An observation in a 4.21 Ross Douthat column (“The Democrats After Sanders”) woke me up this morning.
Bernie Sanders, he says, “was in many ways a non-ideal standard-bearer for a left-wing youth movement…he struggled to win over African-American and Hispanic voters, he seemed like too much of a long shot to win endorsements from the party’s most liberal interest groups, and his obvious lack of interest in foreign policy prevented him from fully exploiting Hillary Clinton’s major weakness.”
He follows this with a no-big-deal comment that Elizabeth Warren “would have had fewer of these problems if she’d decided to run, and given how well Sanders has done it’s reasonable to suspect that Warren could have actually defeated Clinton.”

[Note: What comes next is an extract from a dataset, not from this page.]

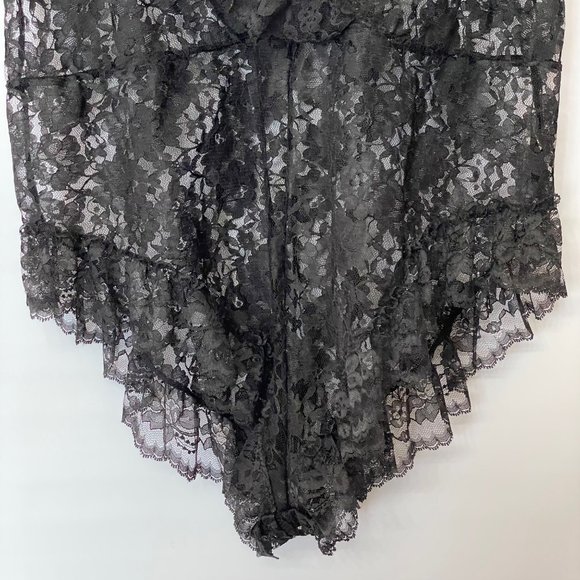 VTG Victoria's Secret M Gold Crown Label M Black Lace Lingerie Teddy Feminine - Picture 14 of 16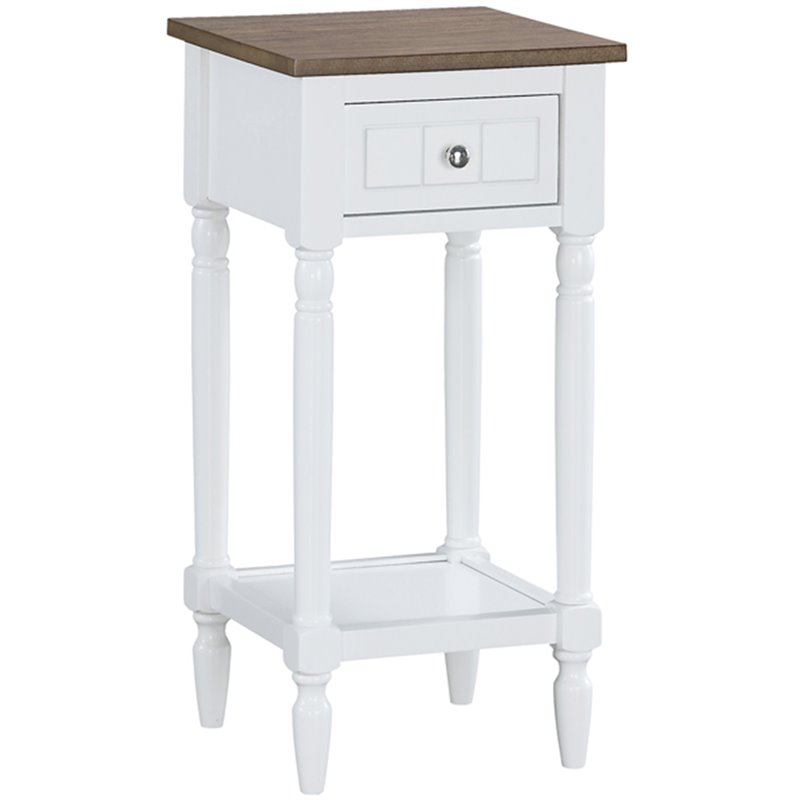 Convenience Concepts End Table Nightstand Bedside Square in Wood - White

Damn! Probably right. Warren is a firm proponent of the same economic populism Sanders has been voicing for the last several years and certainly since announcing his candidacy, and if she’d run she would have said so emphatically and repeatedly, and it’s entirely possible — “reasonable to suspect,” as Douthat puts it — that she would have siphoned away a sizable chunk of Hillary’s gender-based support, and that she very possibly might have won the Democratic nomination in the end.
Yes, that’s water under the bridge but think what a shot-in-the-arm it would have been for the progressive cause if Warren had beaten Hillary. We’d have a real Democrat running against Trump instead of a corporate-friendly, center-right incremental Obama with more hawkish foreign policy views.